> [PROBLEM STATEMENT] Pictures excluded, output the lines of the data below between the one holding "Hello, we are" and the one holding "Next, notice that", inclusive, exactly as they stand.

> [DATA IN THIS EXERCISE]
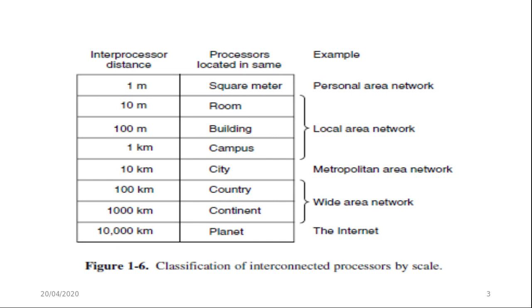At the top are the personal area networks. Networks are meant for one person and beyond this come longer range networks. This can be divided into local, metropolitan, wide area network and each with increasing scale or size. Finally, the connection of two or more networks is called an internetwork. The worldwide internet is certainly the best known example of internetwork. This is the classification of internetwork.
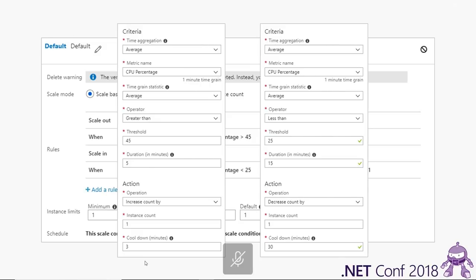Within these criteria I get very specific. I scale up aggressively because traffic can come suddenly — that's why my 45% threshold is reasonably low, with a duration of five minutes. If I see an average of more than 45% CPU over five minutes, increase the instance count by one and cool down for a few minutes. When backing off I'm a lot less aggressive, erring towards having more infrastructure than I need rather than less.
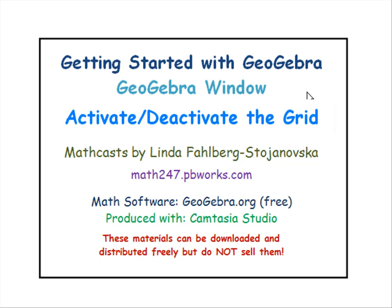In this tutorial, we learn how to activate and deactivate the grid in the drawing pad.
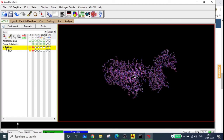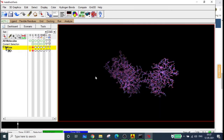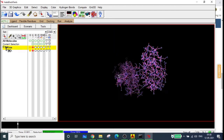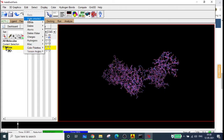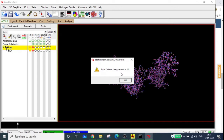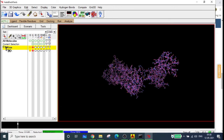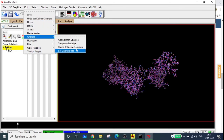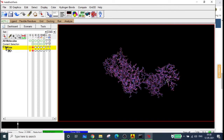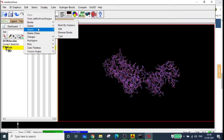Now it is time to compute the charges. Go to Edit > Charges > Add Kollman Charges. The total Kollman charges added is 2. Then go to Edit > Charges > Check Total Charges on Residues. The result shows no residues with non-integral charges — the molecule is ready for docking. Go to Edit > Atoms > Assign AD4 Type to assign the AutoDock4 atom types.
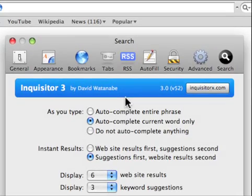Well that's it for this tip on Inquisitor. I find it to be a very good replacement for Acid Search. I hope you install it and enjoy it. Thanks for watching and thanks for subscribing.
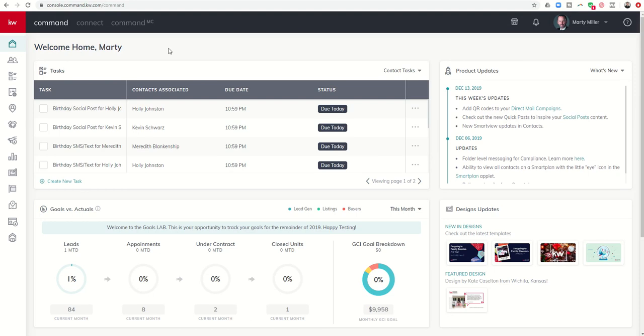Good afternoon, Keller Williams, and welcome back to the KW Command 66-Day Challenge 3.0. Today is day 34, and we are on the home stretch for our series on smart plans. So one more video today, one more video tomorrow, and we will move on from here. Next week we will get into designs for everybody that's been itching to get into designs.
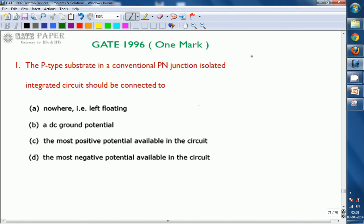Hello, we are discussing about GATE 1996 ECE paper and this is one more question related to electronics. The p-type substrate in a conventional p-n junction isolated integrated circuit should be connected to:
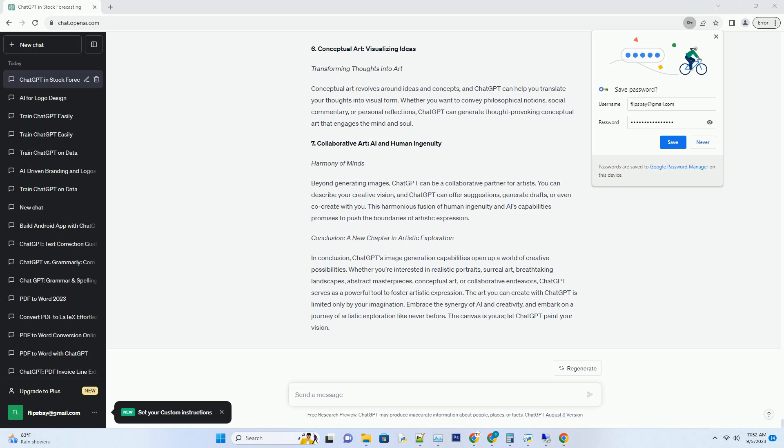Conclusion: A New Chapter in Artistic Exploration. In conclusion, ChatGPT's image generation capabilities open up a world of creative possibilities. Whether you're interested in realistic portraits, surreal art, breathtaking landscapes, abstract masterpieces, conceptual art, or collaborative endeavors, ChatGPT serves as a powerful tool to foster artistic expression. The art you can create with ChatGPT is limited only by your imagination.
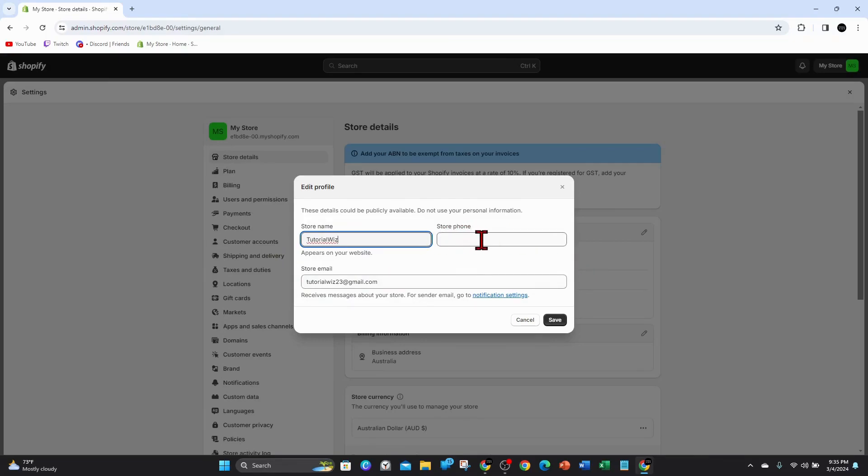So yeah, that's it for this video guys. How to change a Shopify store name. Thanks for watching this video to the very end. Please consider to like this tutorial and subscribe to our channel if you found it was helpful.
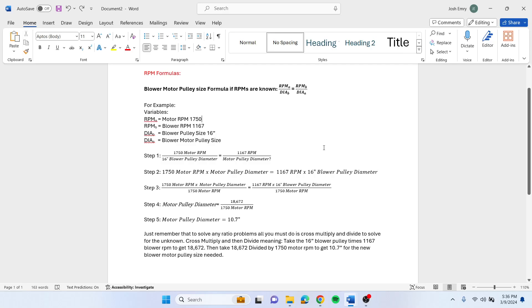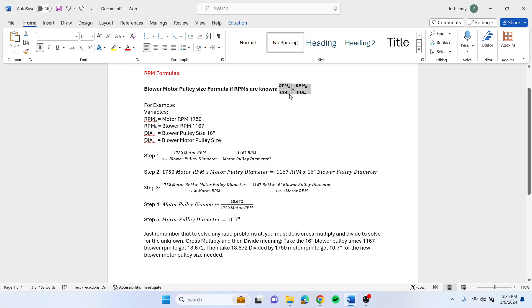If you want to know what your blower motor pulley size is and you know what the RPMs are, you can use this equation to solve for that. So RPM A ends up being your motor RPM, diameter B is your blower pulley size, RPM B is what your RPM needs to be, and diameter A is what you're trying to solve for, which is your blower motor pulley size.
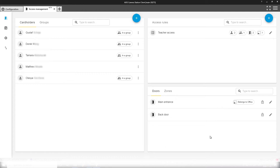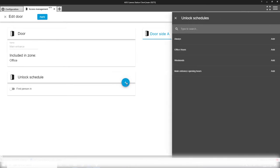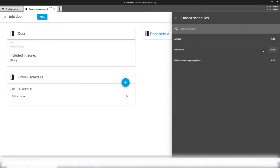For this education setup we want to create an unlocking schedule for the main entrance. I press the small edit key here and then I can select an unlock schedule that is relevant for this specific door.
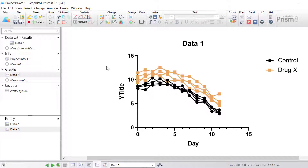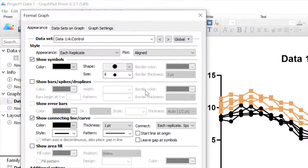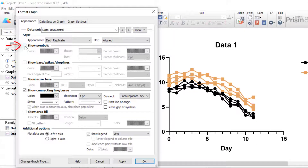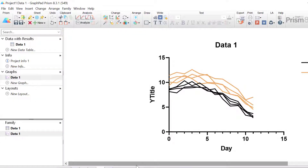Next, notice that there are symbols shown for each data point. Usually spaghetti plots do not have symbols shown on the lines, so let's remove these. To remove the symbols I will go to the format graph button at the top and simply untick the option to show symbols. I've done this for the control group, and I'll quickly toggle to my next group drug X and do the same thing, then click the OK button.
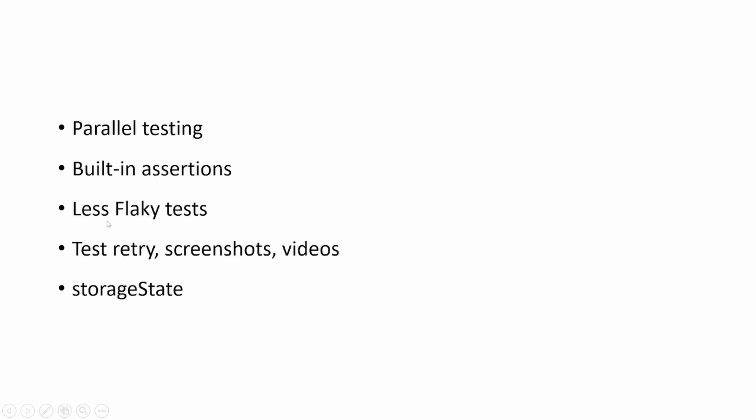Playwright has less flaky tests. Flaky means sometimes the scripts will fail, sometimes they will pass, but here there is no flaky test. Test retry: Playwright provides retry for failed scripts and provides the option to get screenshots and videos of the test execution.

---

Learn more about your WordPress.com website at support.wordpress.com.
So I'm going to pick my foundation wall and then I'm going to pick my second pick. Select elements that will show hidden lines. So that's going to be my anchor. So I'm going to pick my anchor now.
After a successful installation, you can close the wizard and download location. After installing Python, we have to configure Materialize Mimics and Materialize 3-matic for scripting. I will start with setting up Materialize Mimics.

> [FINAL ANSWER]
Hello, we are discussing about GATE 1996 ECE paper and this is one more question related to electronics. The p-type substrate in a conventional p-n junction isolated integrated circuit should be connected to:
Conclusion: A New Chapter in Artistic Exploration. In conclusion, ChatGPT's image generation capabilities open up a world of creative possibilities. Whether you're interested in realistic portraits, surreal art, breathtaking landscapes, abstract masterpieces, conceptual art, or collaborative endeavors, ChatGPT serves as a powerful tool to foster artistic expression. The art you can create with ChatGPT is limited only by your imagination.
So yeah, that's it for this video guys. How to change a Shopify store name. Thanks for watching this video to the very end. Please consider to like this tutorial and subscribe to our channel if you found it was helpful.
If you want to know what your blower motor pulley size is and you know what the RPMs are, you can use this equation to solve for that. So RPM A ends up being your motor RPM, diameter B is your blower pulley size, RPM B is what your RPM needs to be, and diameter A is what you're trying to solve for, which is your blower motor pulley size.
For this education setup we want to create an unlocking schedule for the main entrance. I press the small edit key here and then I can select an unlock schedule that is relevant for this specific door.
Next, notice that there are symbols shown for each data point. Usually spaghetti plots do not have symbols shown on the lines, so let's remove these. To remove the symbols I will go to the format graph button at the top and simply untick the option to show symbols. I've done this for the control group, and I'll quickly toggle to my next group drug X and do the same thing, then click the OK button.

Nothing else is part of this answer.